Because general elections were held in March 2013 and not August 2012, as the constitution envisaged, the government only dispersed 27% of devolved funds by end November. This meant that for the first eight months of their term, counties did not have access to any money and could not institute any projects.
The remainder of funds ought to have been disbursed by January but they were not, which has meant funds earmarked for county development are still sitting with the Treasury. Dr Washington predicts these funds will not be rolled over to the new financial year because of the shortfall in revenue collection in the financial year 2013/14.
This difficulty has been exacerbated in a number of counties by the failure to appoint accounting officers, the equivalent of principal secretaries.
“Nearly half of the counties have not appointed all chief officers. Bungoma had their entire list rejected the other day. And these are the things no one is talking about. They’re not in the national discourse but these are the realities of government,” said Dr Washington.

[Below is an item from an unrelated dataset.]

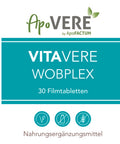 ApoVERE Wobplexa – Enzymkomplex Filmtabletten | St. Bernward Apotheke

Kwame Owino, Chief Executive Officer at the Institute of Economic Affairs (IEA-Kenya) confirmed they had received requests from a number of counties to guide them on budgeting, strategy and technical issues in general but that they were not working with any at the moment.
He added the IEA would, in July, begin engaging with 10 counties under a World Bank project to “assess budget transparency and see how to disburse critical budget documents”.
The Institute of Certified Public Accountants of Kenya (ICPAK) has also received funding from the World Bank to entrench financial reporting and budgetary monitoring in counties.
The unfriendly structure of the country’s procurement laws has also tied the hands of governors and forced them to follow a cumbersome 90-day open tender procedure, which has thrust every governor, including Alfred Mutua, into the limelight for contravening procurement laws and procedures, hence the investigations by EACC.
Possibly the greatest hurdle they have inherited is a large budget deficit, which may see their 2014/15 budgets being cut in favour of national objectives.
Jason Lakin, senior programme officer at International Budget Partnership, said that when national policies reduce the funds available for sharing with counties, Parliament must question whether government is doing enough to contain its debt and ensure sufficient funding for other functions.
These and other challenges – such as the power struggles between the Senate, gubernatorial, national and county assembly – have deeply exacerbated the work of county governors.
But despite this, it seems the merits of a devolved form of government are not to be sacrificed and in April a major conference is to be held entitled ‘One Year into Devolution, Celebrating the Milestones, Confronting the Challenges’.
An achievement that is already being praised is the increased attention paid to government spending by ordinary people, media, and analysts.